### Work order
Return only the stretch of the material below that begins with the line containing "variable response time" and ends with the line containing "Dolby VISION eyesafe", exactly; both of those lines belong to it.

### Records to use
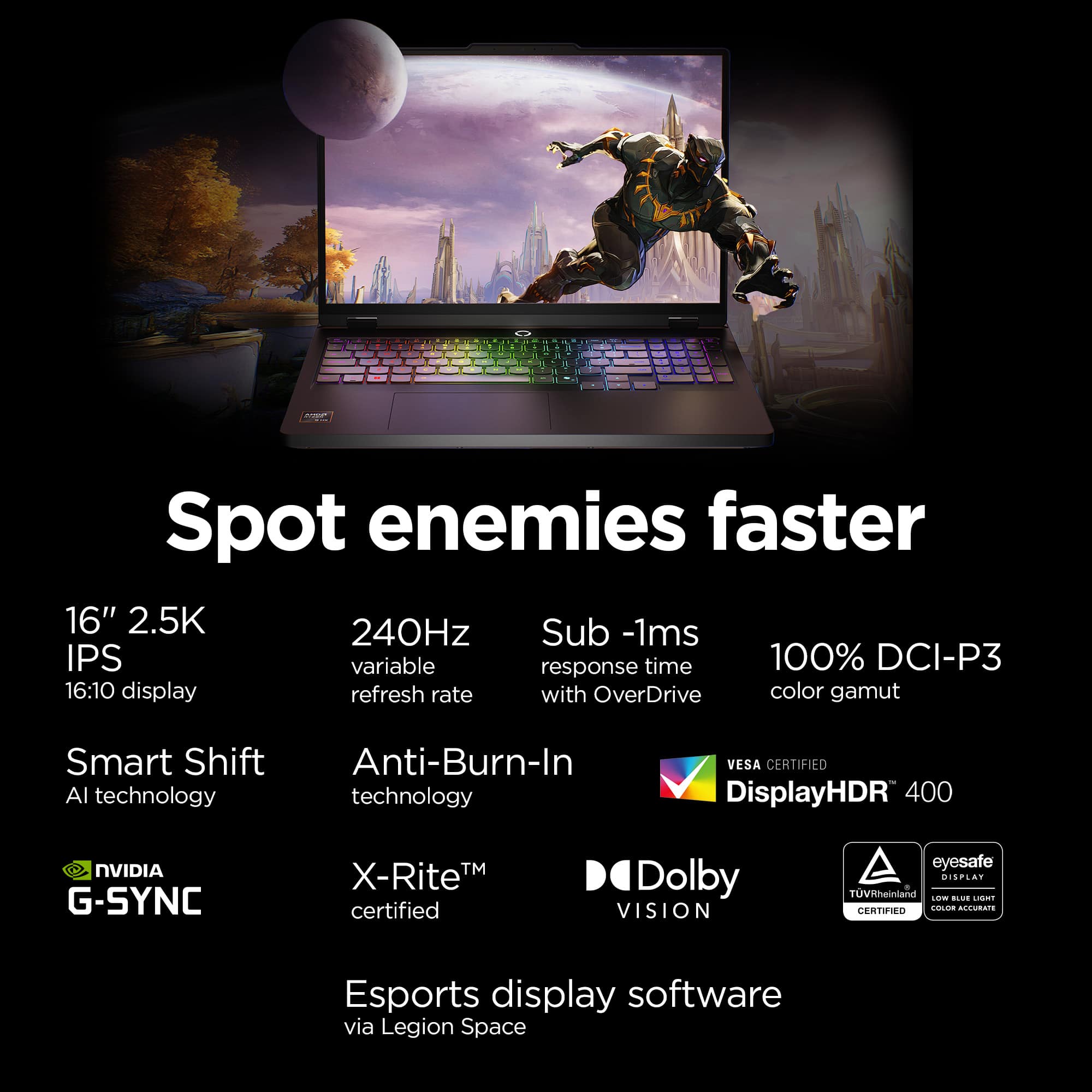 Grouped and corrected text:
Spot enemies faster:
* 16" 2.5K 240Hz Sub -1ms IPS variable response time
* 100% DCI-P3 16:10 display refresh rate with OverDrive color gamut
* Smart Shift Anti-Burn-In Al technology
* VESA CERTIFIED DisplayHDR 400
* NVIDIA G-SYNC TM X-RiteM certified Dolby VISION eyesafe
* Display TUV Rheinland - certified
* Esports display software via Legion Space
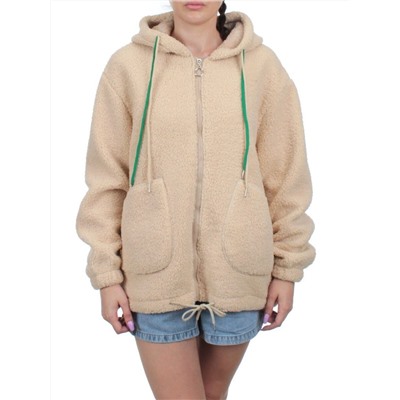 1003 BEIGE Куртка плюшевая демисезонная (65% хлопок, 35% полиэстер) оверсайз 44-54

### Completed exercise
* 16" 2.5K 240Hz Sub -1ms IPS variable response time
* 100% DCI-P3 16:10 display refresh rate with OverDrive color gamut
* Smart Shift Anti-Burn-In Al technology
* VESA CERTIFIED DisplayHDR 400
* NVIDIA G-SYNC TM X-RiteM certified Dolby VISION eyesafe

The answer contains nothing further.